Based on the memoirs of James Gregory,  Nelson Mandela's prison guard, 'Goodbye Bafana' is the true story of a white South African racist whose life was profoundly altered by the black prisoner he guarded for twenty years.

Movie review

From Time Out London

Full marks to director Bille August for achieving the near-impossible: crafting a film about Nelson Mandela that threatens to send you to sleep and reduces the great man himself to mere background noise. Of course, ‘Goodbye Bafana’ is only about Mandela in as much as it’s based on the memoirs of James Gregory, a South African prison warden who claimed to have developed a close relationship with his charge during 21 years of guarding him, first on Robben Island and later at the less stringent Pollsmoor and Victor Verster prisons. His book – and this film – tells of an understanding between the two men that’s symbolised by Gregory’s unlikely mastery of the Xhosa language, a skill inherited from his childhood friendship with – whisper it – a black boy. You’d never guess, though, from August’s unquestioning and deadly dull adaptation that Anthony Sampson, Mandela’s biographer, had already dismissed Gregory’s book, reporting Mandela as saying with characteristic diplomacy: ‘That man has quite some imagination.’

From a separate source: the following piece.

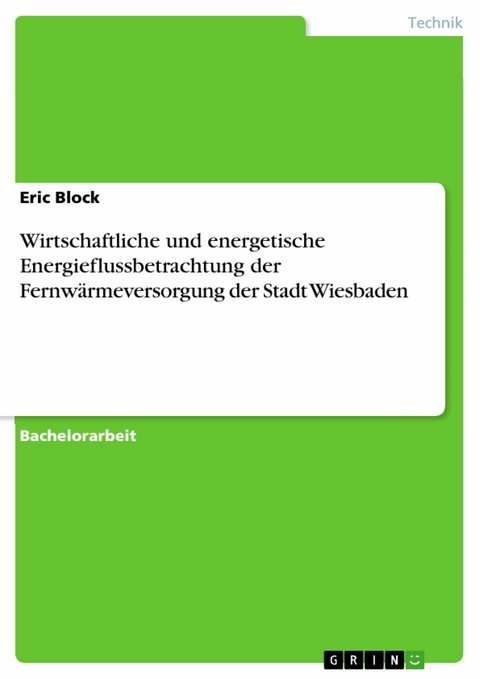 Wirtschaftliche und energetische Energieflussbetrachtung der Fernwärmeversorgung der Stadt Wiesbaden - Eric Block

Joseph Fiennes is Gregory, a family man with a wife and two kids who is posted to Robben Island and who at first casually wills Mandela’s death – ‘He should have got the rope!’ – but later softens and even smuggles gifts to his wife. Dennis Haysbert plays Mandela, but he manages little with little: his dialogue is sparse, which only causes him to cocoon himself in the gravity of the role.

‘Goodbye Bafana’ spans roughly two decades and ends with a reconstruction of Mandela walking out of prison in 1989. Why not use archive? By then, Gregory is a lighter presence, full of fresh liberalism, and it’s clear what August is attempting: to capture the thawing of apartheid in the person of this everyman who happened to be close to Mandela. But it’s a shame that politics are as absent as Mandela himself. When ideas do creep in, they’re presented simply. ‘But is that fair?’ asks Gregory’s little daughter, when told of segregation. The bar of debate is low.

What’s most frustrating about ‘Goodbye Bafana’ is that August fails to embrace the subjectivity of Gregory’s memoir and repeats his tale straight. We’re left with the absurd notion that Mandela’s slight softening of attitude towards one of his prison guards – a mere acquaintance – is of some historical consequence. Either that or we should identify some simplistic metaphorical significance in their relationship. ‘He always asks after you,’ another warden tells Gregory after he’s spent a long period away from Mandela. One suspects Mandela had better things on his mind.